Oh, and if your job doesn't condone swearing or cartoon ass grabbing, then this is NSFW. But so, so worth 10 minutes of your day.
Oh French animation company, you're just one more reason to love this country.
We arrive in Paris and are told by the counter attendant that we have 5 rooms. Hell yes, our first time ever all having our own space. We'll probably not make proper use of all the personal time, but the potential is there.
We show up at the venue, and Plage de Glazart is not quite what we expected. Like so many places before it, Paris says, "If I don’t got it, no problem. No beach, I’ll make my own damn beach". Tons and tons of sand have been trucked in to make a small 20'x40' beach on the outskirts of the city. And BBE plays on it. It’s some of the best sound on tour, but maybe that's my umbrella drink talking. A short rain pour drops the muggy factor from the stifling 38 degrees Celsius it was when we arrived. Beach party, rad. So rad, I forgot to take pictures.
They have some funny little courts set up, and the kids say it’s for a game called Petanque. They look at me like I’m off my rocker when I say I’ve never heard of it. It turns out to just be Bocce ball, and they respond with the same horrorfied look when I announce that’s what it’s called in Minnesota (with a little research, I learn that they’re actually two different games, but they're similar enough. Seems like if you have more space and grass, you call it bocce. If you have less space and hard ground, you call it petanque).

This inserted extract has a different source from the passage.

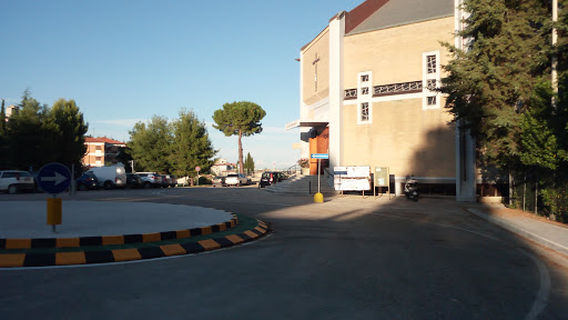 Church of Saint Charles Borromeo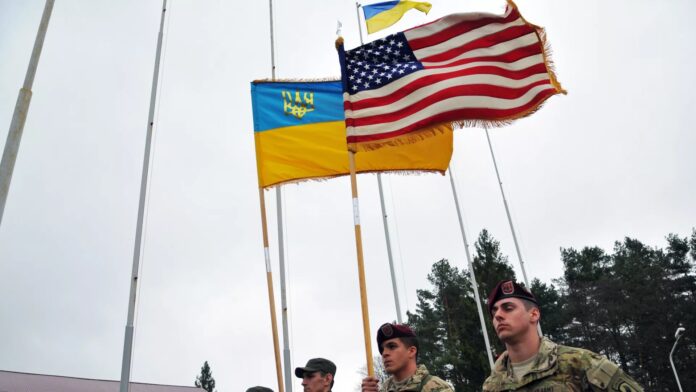 pentagon-twierdzi,-ze-usa-nie-planuja-wyslania-wojsk-na-ukraine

We return to the hotel and our good luck is exposed for what it really is: a mistake. And so we have three rooms and get to do the appropriate sharing. The other two have been occupied by unknown phantoms that apparently like to smoke a shit ton of cigarettes and play on Macbooks. We know cause that’s what was sitting on the beds when we accessed the rooms. Anyone looking for a cheap computer?